The maximum number of bitmaps and repetitive items are the problems we're running into.

And here's the code snippet of the partial solution:

Code: [Select]
struct bitmap_entry {
static size_t count;
public:
template<typename T>
static size_t get_id()
{
static size_t id = count++;
return id;
}
...

This gives the bitmap entry a unique ID in a more fool-proof way.
Title: Re: Let's talk about bmpman
Post by: The E on December 16, 2015, 12:50:00 pm
The core design flaw is that it is outdated, dating back to retail, particularly the 1990s. It was made with significant bits of Descent code (referring to Descent 2 which was released in 1996) which do not fully meets the modern requirements of today's computers and devices, including those running latest OSes such as Windows 10, released in 2015. Among them is that the animation system was plagued by invalid bitmap handling due to invalid animation somewhere else - an engine-crashing error I encountered during my testing of my Battle of Endor mission developed for Shattered Stars using 64-bit large-addressing aware builds.

So yeah. You do not in fact know what the issues with bmpman are. I strongly recommend you take more time to familiarize with the code.

Here's a hint: Age has got nothing to do with it. The basic principles behind bmpman's design are still workable today, the concept behind it is as usable today as it was back in 2000.
Now, given modern coding practices, it could be made better. That's what we're trying to do here, but remaking something just because it's old is stupid when you do not know exactly why you're doing it, which in this case means knowing what the subtle issues are that cause problems.

Quote
The maximum number of bitmaps and repetitive items are the problems we're running into.
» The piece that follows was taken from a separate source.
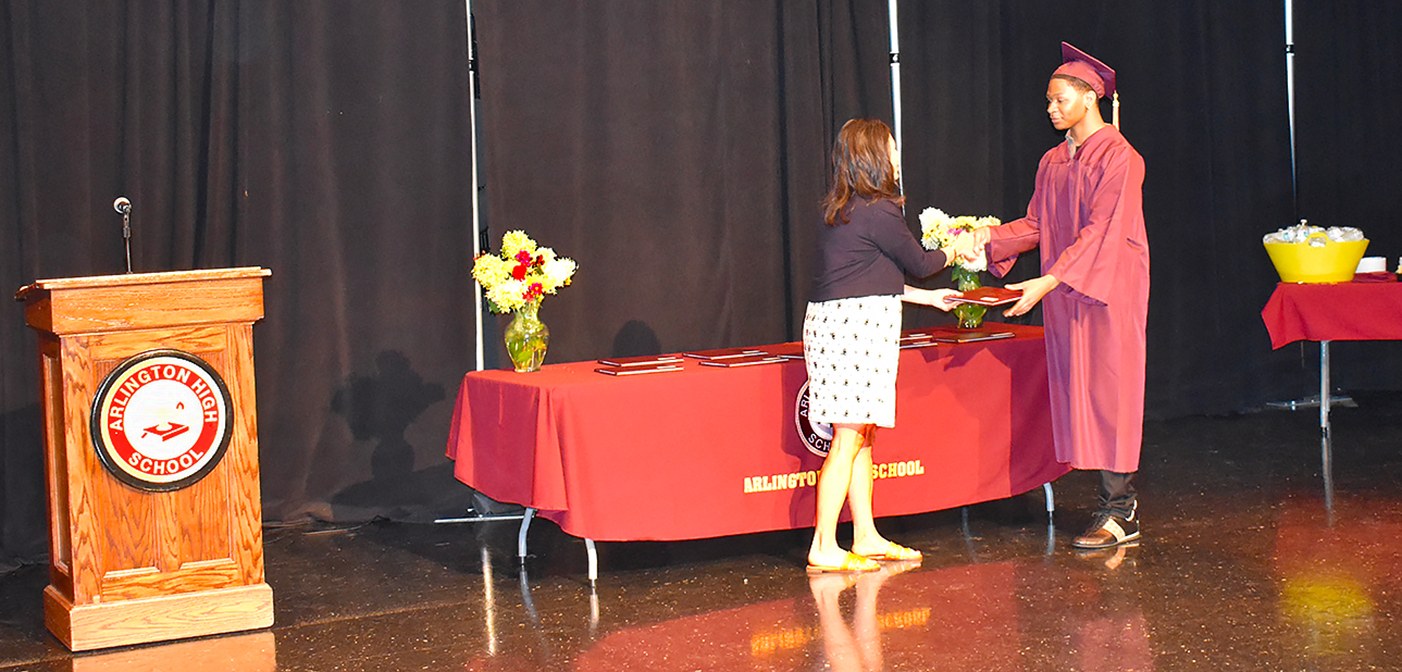 Young man in cap and gown receiving diploma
No, it's not. That's the surface level issue, and if it was the actual issue, we could just increase the number of bitmap slots and be done with it. Just like your attempts at raising the number of asteroids or changing path lengths, if it was just an issue of adjusting the value of one constant, we'd have done it long ago.
The actual problem goes deeper. And you, quite frankly, do NOT have the experience with the engine or C/C++ required to fix it.

Quote
And here's the code snippet of the partial solution:

Code: [Select]
struct bitmap_entry {
static size_t count;
public:
template<typename T>
static size_t get_id()
{
static size_t id = count++;
return id;
}
...

This gives the bitmap entry a unique ID in a more fool-proof way.

Two tasks.
One. Explain what the keyword "static" in C/C++ does, and what behaviour your specific usage here will result in.
Two. Explain what a "Template" in C++ is, and what it does in this code snippet of yours.
Title: Re: Let's talk about bmpman
Post by: Bryan See on December 16, 2015, 11:27:27 pm
Now, given modern coding practices, it could be made better. That's what we're trying to do here, but remaking something just because it's old is stupid when you do not know exactly why you're doing it, which in this case means knowing what the subtle issues are that cause problems.

Quote
The maximum number of bitmaps and repetitive items are the problems we're running into.
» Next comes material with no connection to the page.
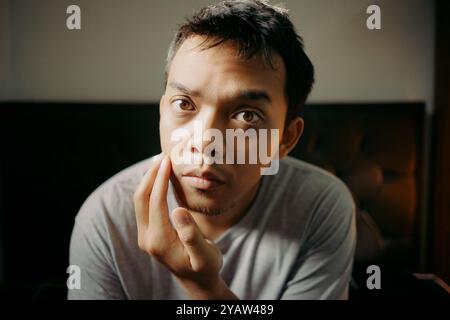 Un uomo che esamina i capelli del viso toccando il mento, apparendo riflessivo e concentrato Foto Stock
No, it's not. That's the surface level issue, and if it was the actual issue, we could just increase the number of bitmap slots and be done with it. Just like your attempts at raising the number of asteroids or changing path lengths, if it was just an issue of adjusting the value of one constant, we'd have done it long ago.
The actual problem goes deeper. And you, quite frankly, do NOT have the experience with the engine or C/C++ required to fix it. [/quote]

I get it, as I intend to do some code refactoring on it. As for my attempts at raising the number of asteroids (to my intended 1024, though it's raised from 256 to 512, short of that) or changing path lengths, I will re-visit these at some point in the future.

Two tasks.
One. Explain what the keyword "static" in C/C++ does, and what behaviour your specific usage here will result in.
Two. Explain what a "Template" in C++ is, and what it does in this code snippet of yours.

The static keyword is used to declare variables and functions at global scope, namespace scope, class scope and local scope. Static objects or variables are allocated when the program starts and is deallocated when the program ends. In this case here, an ID is initialized upon starting FSO, and it deallocated when FSO closes.

Templates are the foundation of generic programming, which involves writing code in a way that is independent of any particular type. Here in my code snippet, type is a placeholder name for a data type used by the function. This name can be used within the function definition - in this case, get an ID for a bitmap entry.

I know C/C++ a decade ago, bolstered thanks to my college studies, which is starting to pay off.
Title: Re: Let's talk about bmpman
Post by: The E on December 17, 2015, 05:02:00 am
The static keyword is used to declare variables and functions at global scope, namespace scope, class scope and local scope. Static objects or variables are allocated when the program starts and is deallocated when the program ends. In this case here, an ID is initialized upon starting FSO, and it deallocated when FSO closes.

See, I can kinda see why you did this the way you did, but it doesn't look like a well thought-out design to me. You are using a design pattern that is used nowhere else in FSO, and one that is deeply unintuitive to boot (If only because of naming issues; "get_id" does not sound like the kind of function that should have global side effects the way it does in your snippet there).
Secondly, I think you're mistaking the high-level intent ("Bitmap ids should be unique and valid throughout the lifetime of the program") for a low-level implementation detail.

Quote
Templates are the foundation of generic programming, which involves writing code in a way that is independent of any particular type. Here in my code snippet, type is a placeholder name for a data type used by the function. This name can be used within the function definition - in this case, get an ID for a bitmap entry.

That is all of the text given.